- Goal of the exercise
Which lines in the data below contain the word "High"? Return each of them.

- Supplied material
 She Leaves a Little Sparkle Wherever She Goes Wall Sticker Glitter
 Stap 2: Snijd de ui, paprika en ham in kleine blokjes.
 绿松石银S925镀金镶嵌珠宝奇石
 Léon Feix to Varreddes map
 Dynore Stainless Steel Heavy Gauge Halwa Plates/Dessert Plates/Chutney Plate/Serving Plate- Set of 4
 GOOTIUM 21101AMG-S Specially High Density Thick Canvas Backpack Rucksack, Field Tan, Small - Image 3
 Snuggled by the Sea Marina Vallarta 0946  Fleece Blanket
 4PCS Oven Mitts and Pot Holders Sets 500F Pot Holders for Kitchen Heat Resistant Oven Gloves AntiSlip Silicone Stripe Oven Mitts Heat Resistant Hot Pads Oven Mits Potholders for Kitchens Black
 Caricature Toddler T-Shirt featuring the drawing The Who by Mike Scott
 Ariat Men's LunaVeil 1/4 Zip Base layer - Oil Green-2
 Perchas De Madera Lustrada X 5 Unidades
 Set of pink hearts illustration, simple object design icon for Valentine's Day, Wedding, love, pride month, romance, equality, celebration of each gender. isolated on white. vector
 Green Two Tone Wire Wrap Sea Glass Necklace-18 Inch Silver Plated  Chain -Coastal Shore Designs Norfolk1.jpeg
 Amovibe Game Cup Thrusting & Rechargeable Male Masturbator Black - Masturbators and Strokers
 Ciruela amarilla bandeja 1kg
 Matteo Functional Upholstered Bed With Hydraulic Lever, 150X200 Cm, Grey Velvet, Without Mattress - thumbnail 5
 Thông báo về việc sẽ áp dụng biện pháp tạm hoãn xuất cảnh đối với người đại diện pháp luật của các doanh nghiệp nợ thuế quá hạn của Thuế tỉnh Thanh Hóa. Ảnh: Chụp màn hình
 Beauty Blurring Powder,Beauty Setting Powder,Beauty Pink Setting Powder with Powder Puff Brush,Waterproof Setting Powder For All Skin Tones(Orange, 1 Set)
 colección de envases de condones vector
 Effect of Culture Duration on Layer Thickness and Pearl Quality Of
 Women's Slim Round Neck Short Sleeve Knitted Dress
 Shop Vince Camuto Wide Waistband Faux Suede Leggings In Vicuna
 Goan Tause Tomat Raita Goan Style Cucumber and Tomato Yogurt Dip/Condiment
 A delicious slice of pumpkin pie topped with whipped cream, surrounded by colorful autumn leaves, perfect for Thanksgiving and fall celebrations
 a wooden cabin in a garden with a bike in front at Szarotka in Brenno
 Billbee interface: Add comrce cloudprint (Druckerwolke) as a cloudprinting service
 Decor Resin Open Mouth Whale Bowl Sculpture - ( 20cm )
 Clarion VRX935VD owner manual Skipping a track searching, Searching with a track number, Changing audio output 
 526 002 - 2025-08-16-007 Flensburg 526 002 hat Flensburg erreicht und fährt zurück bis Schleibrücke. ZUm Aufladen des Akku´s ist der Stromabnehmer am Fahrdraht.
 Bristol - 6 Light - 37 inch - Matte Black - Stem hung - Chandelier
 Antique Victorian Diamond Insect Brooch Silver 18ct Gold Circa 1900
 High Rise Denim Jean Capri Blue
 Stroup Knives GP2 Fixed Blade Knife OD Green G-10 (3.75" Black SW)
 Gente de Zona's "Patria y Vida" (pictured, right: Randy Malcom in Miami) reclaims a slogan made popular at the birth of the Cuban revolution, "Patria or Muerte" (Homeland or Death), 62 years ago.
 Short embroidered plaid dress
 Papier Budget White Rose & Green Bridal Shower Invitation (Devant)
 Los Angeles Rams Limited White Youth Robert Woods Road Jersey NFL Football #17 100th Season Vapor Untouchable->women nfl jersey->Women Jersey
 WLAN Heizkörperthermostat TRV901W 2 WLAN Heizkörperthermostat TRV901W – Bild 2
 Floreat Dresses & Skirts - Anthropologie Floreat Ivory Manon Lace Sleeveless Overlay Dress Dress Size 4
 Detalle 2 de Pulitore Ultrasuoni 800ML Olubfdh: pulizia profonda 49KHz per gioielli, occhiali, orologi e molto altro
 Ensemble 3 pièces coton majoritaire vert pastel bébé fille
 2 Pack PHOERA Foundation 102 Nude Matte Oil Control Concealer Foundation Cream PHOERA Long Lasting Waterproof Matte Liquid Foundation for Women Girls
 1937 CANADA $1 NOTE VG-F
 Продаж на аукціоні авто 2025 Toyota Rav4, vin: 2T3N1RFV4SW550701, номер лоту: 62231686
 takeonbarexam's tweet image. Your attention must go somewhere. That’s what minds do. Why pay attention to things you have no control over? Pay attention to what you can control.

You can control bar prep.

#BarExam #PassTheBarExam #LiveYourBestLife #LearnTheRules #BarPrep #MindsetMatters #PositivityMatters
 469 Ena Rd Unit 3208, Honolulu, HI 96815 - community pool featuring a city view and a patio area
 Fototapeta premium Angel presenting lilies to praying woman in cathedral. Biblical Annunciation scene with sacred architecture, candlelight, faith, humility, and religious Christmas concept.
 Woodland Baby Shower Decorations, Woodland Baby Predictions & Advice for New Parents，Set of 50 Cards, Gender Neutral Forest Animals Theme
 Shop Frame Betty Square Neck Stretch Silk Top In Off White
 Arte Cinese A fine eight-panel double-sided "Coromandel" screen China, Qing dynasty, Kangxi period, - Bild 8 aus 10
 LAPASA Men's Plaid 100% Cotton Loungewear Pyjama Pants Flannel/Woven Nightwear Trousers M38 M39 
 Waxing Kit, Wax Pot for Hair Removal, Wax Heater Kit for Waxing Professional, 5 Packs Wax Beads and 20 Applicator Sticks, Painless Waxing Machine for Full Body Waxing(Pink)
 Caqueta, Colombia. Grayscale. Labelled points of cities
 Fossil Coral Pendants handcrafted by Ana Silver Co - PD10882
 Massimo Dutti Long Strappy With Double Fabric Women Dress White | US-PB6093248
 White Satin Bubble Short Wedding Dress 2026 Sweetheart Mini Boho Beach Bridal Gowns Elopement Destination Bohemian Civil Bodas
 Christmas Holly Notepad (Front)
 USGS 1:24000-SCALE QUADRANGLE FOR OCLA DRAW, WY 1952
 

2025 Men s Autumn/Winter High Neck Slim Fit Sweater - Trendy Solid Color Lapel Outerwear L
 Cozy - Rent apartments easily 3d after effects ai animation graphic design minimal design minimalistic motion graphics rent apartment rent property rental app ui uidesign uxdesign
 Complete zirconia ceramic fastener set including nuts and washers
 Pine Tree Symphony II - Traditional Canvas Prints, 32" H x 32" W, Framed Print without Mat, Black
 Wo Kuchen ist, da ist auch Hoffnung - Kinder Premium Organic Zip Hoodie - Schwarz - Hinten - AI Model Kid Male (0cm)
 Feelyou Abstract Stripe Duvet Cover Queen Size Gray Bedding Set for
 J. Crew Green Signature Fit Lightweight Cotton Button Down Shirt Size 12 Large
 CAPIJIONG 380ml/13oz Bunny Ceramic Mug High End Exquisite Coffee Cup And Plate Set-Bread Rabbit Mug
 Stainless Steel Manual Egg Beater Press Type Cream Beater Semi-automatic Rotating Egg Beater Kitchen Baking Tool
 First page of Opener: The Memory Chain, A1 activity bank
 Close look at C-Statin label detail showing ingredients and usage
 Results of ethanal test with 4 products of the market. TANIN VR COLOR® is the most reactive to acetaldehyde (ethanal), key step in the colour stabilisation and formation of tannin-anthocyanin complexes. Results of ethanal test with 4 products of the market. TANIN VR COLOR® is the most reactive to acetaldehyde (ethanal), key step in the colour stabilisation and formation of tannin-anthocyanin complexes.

- Answer to the exercise
 GOOTIUM 21101AMG-S Specially High Density Thick Canvas Backpack Rucksack, Field Tan, Small - Image 3
 High Rise Denim Jean Capri Blue
2025 Men s Autumn/Winter High Neck Slim Fit Sweater - Trendy Solid Color Lapel Outerwear L
 CAPIJIONG 380ml/13oz Bunny Ceramic Mug High End Exquisite Coffee Cup And Plate Set-Bread Rabbit Mug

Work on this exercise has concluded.